On Wed, Feb 19, 2020 at 11:26:53AM -0800, Andrew Morton wrote:
> On Wed, 19 Feb 2020 10:25:22 -0800 Sultan Alsawaf <sultan@kerneltoast.com> wrote:
> 
> > Keeping kswapd running when all the failed allocations that invoked it
> > are satisfied incurs a high overhead due to unnecessary page eviction
> > and writeback, as well as spurious VM pressure events to various
> > registered shrinkers. When kswapd doesn't need to work to make an
> > allocation succeed anymore, stop it prematurely to save resources.
> 
> Seems sensible.
> 
> Please fully describe the userspace-visible runtime effects of this
> change?
> 

FWIW, it looks like the refcount API doesn't allow refcounts to be zero, so I'd
have to update this patch to use just plain atomic_t instead.
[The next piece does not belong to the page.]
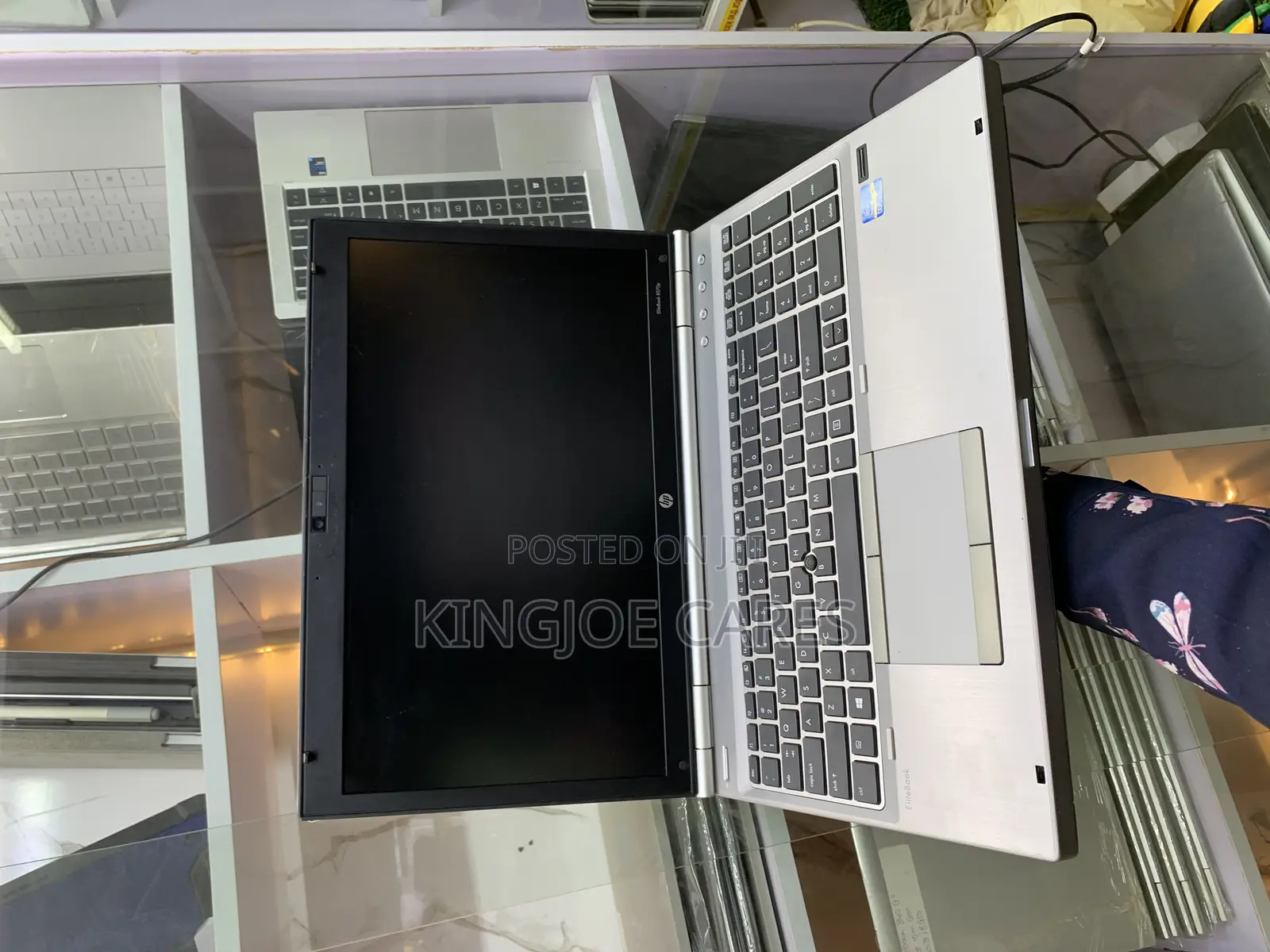 Laptop HP EliteBook 8570P 8GB Intel Core I7 HDD 500GB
But since there
doesn't seem to be much interest in this, I'll only send an updated patch if
it's desired.

Sultan

^ permalink raw reply	[flat|nested] 27+ messages in thread

* Re: [PATCH] mm: Stop kswapd early when nothing's waiting for it to free pages
  2020-02-19 20:42       ` Sultan Alsawaf
  2020-02-19 21:45         ` Mel Gorman
@ 2020-02-20  8:29         ` Michal Hocko
  1 sibling, 0 replies; 27+ messages in thread
From: Michal Hocko @ 2020-02-20  8:29 UTC (permalink / raw)
  To: Sultan Alsawaf
  Cc: Dave Hansen, Andrew Morton, linux-mm, linux-kernel, Mel Gorman,
	Johannes Weiner

On Wed 19-02-20 12:42:20, Sultan Alsawaf wrote:
> On Wed, Feb 19, 2020 at 09:05:27PM +0100, Michal Hocko wrote:
[...]
> > Again, do you have more details about the workload and what was the
> > cause of responsiveness issues? Because I would expect that the
> > situation would be quite opposite because it is usually the direct
> > reclaim that is a source of stalls visible from userspace. Or is this
> > about a single CPU situation where kswapd saturates the single CPU and
> > all other tasks are just not getting enough CPU cycles?
> 
> The workload was having lots of applications open at once. At a certain point
> when memory ran low, my system became sluggish and kswapd CPU usage skyrocketed.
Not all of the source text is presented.